Start of Information provided
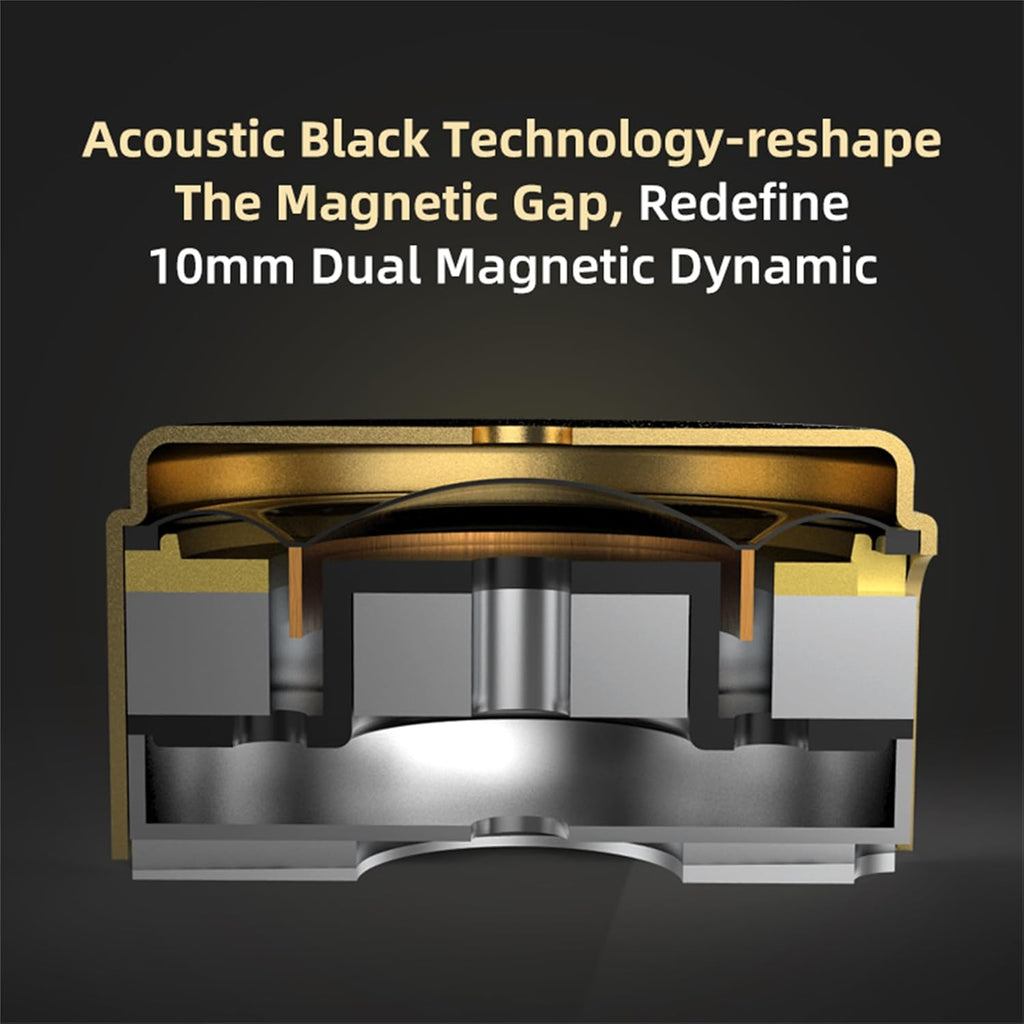 KZ ZSN PRO X High Fidelity In-Ear Monitor Headphones - Hybrid Dual Driver Earphones with Detachable Tangle-Free Cable for Gaming and Multimedia (Gold, Without Microphone)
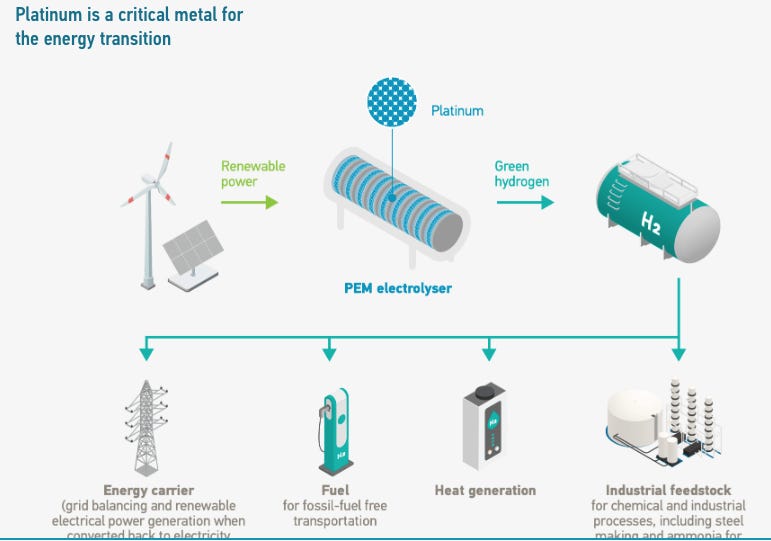 A diagram of a renewable metal for transition

Description automatically generated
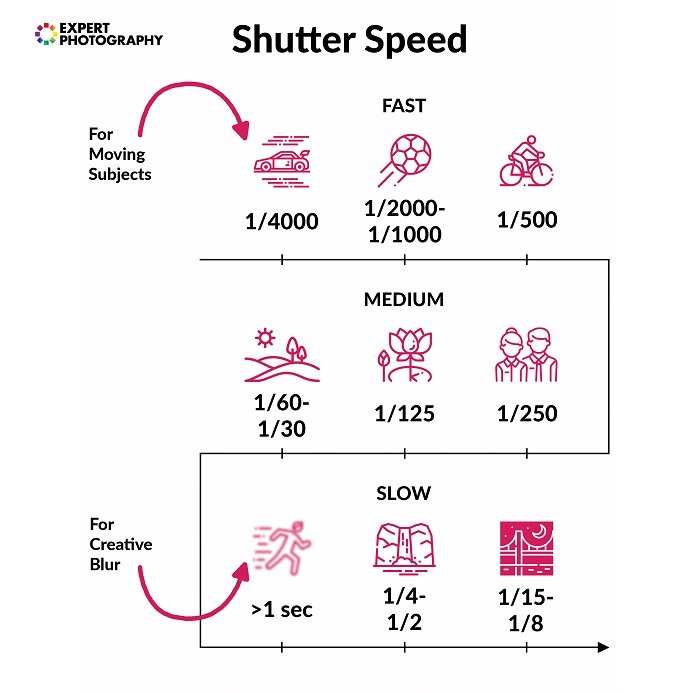 an illustration of shutter speed in photography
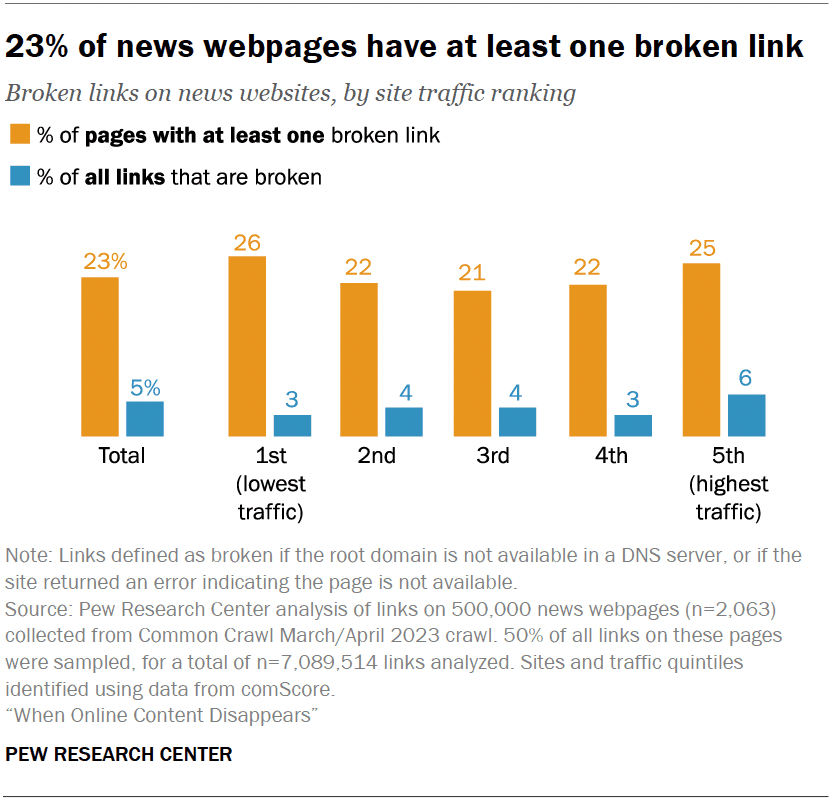 Pew Research chart comparing pages with broken links across news, government, and Wikipedia samples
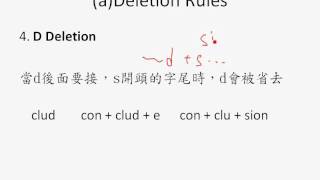 6用字根字首背單字介紹字根的結合法則 [upl. by Rothberg]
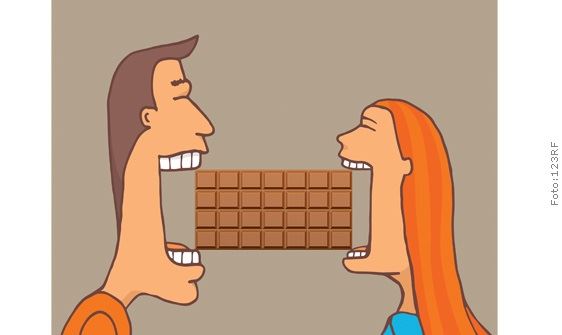 mudança de consumo na Páscoa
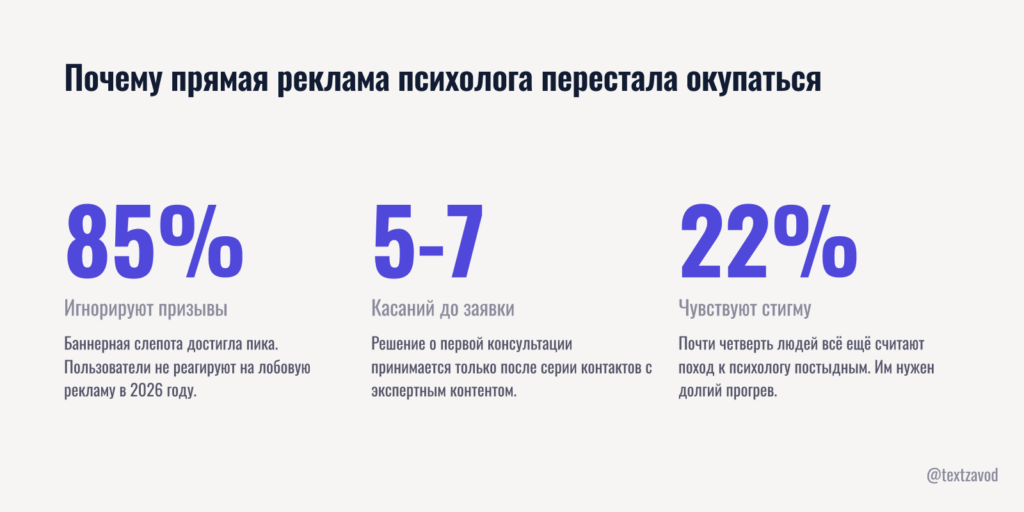 Почему прямая реклама психолога перестала окупаться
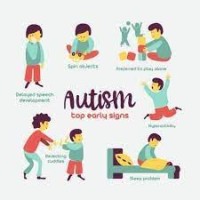 How Psychiatric help in autism
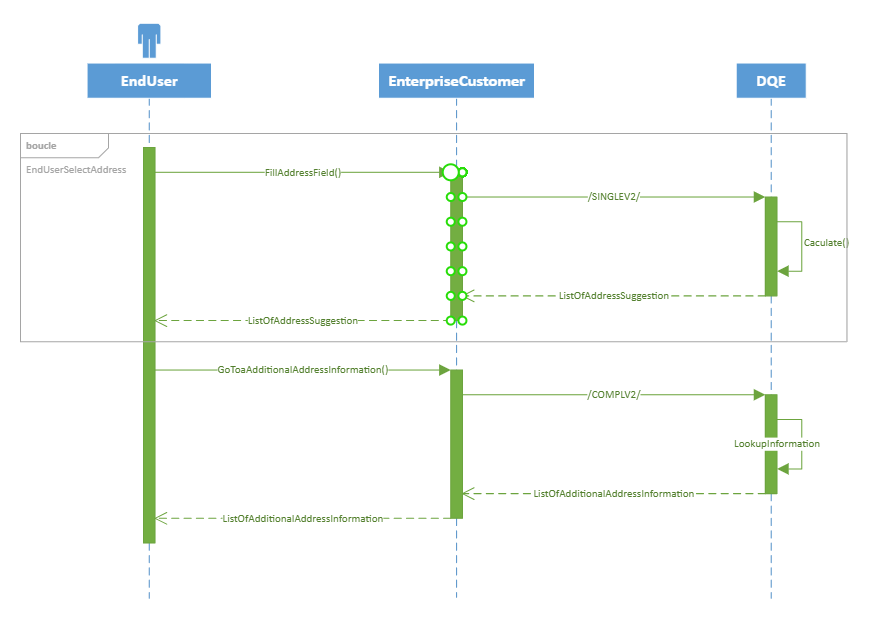 Single-line address autocomplete flow: SINGLEV2 then COMPLV2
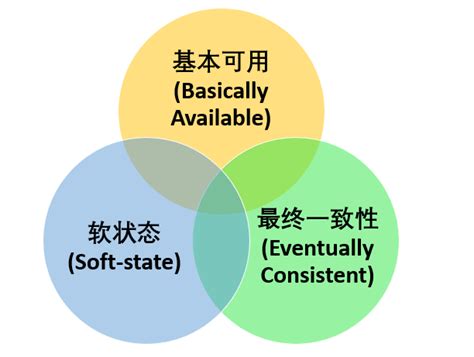 分布式系统的经典基础理论分布式理论 Csdn博客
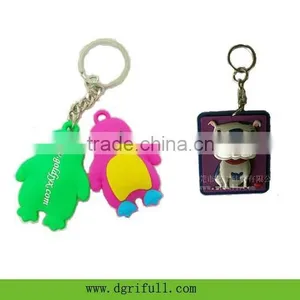 Pet Dog Silicone Keychain thumbnail-1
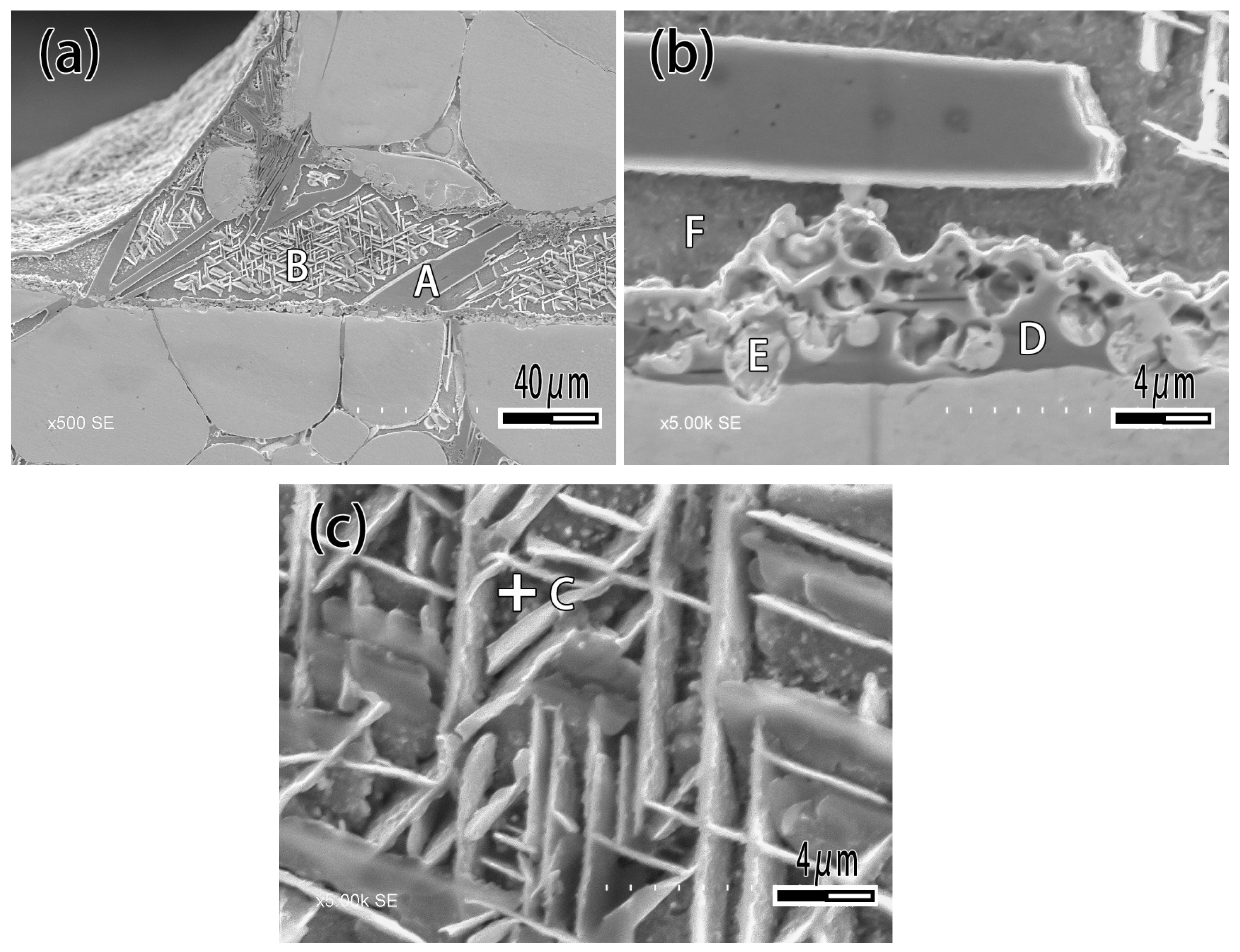 Materials 12 01057 g008
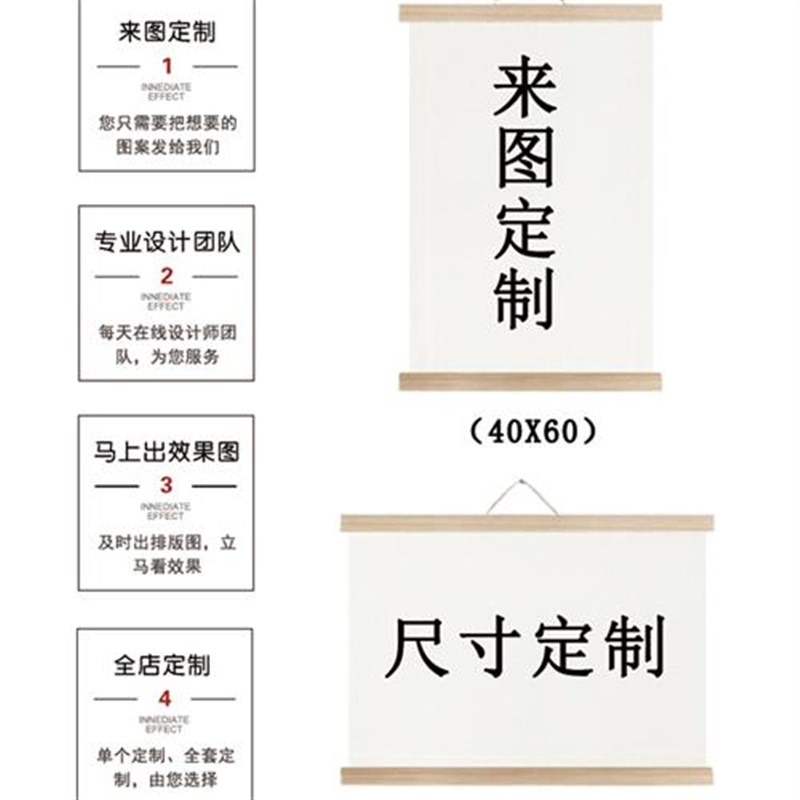 中式文字壁画装饰画挂画约无框电表箱遮丑布艺挂布背景布定制图片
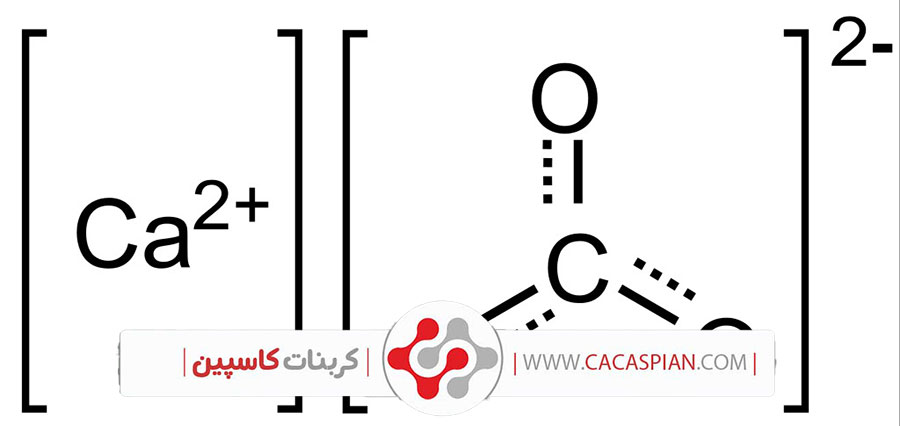 کلسیم کربنات و برگه اطلاعات ایمنی (MSDS)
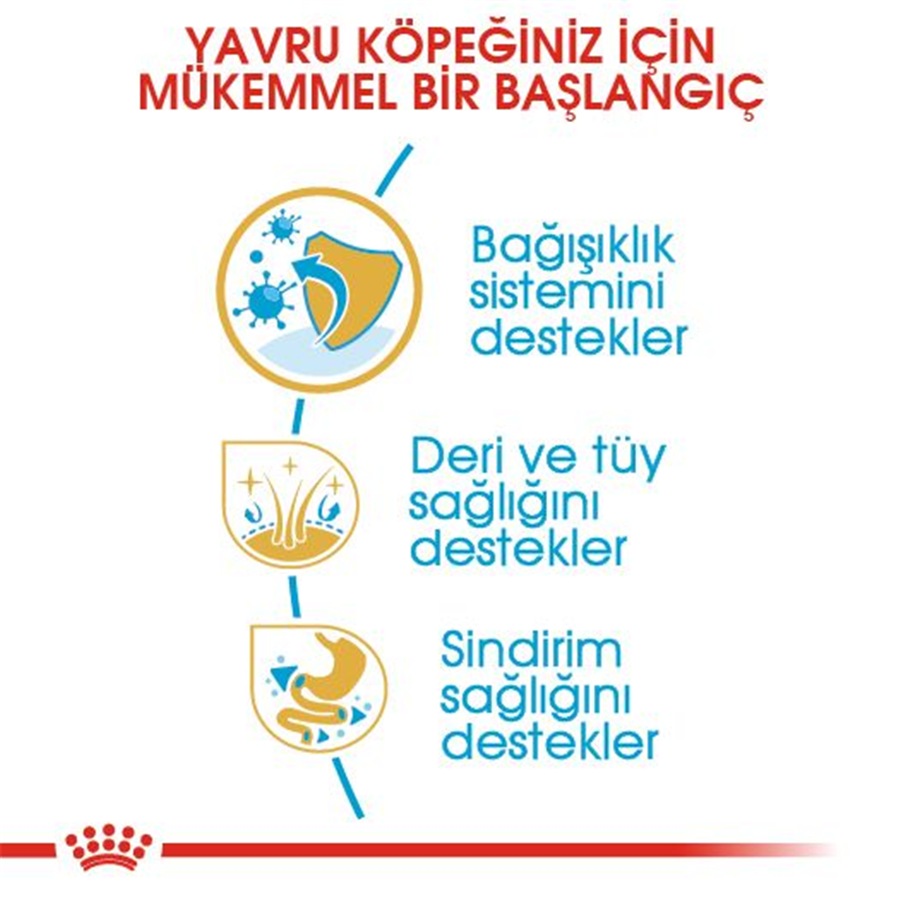 Royal Canin Yorkshire Terrier Puppy 1,5 Kg Yavru Köpek Maması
End of Information provided
**Description of the task:** Only the lines from the one containing "中式文字壁画装饰画挂画约无框电表箱遮丑布艺挂布背景布定制图片" through the last line of the entries above should be copied, exactly as they are and without the pictures.

**Solution below:**
 中式文字壁画装饰画挂画约无框电表箱遮丑布艺挂布背景布定制图片
 کلسیم کربنات و برگه اطلاعات ایمنی (MSDS)
 Royal Canin Yorkshire Terrier Puppy 1,5 Kg Yavru Köpek Maması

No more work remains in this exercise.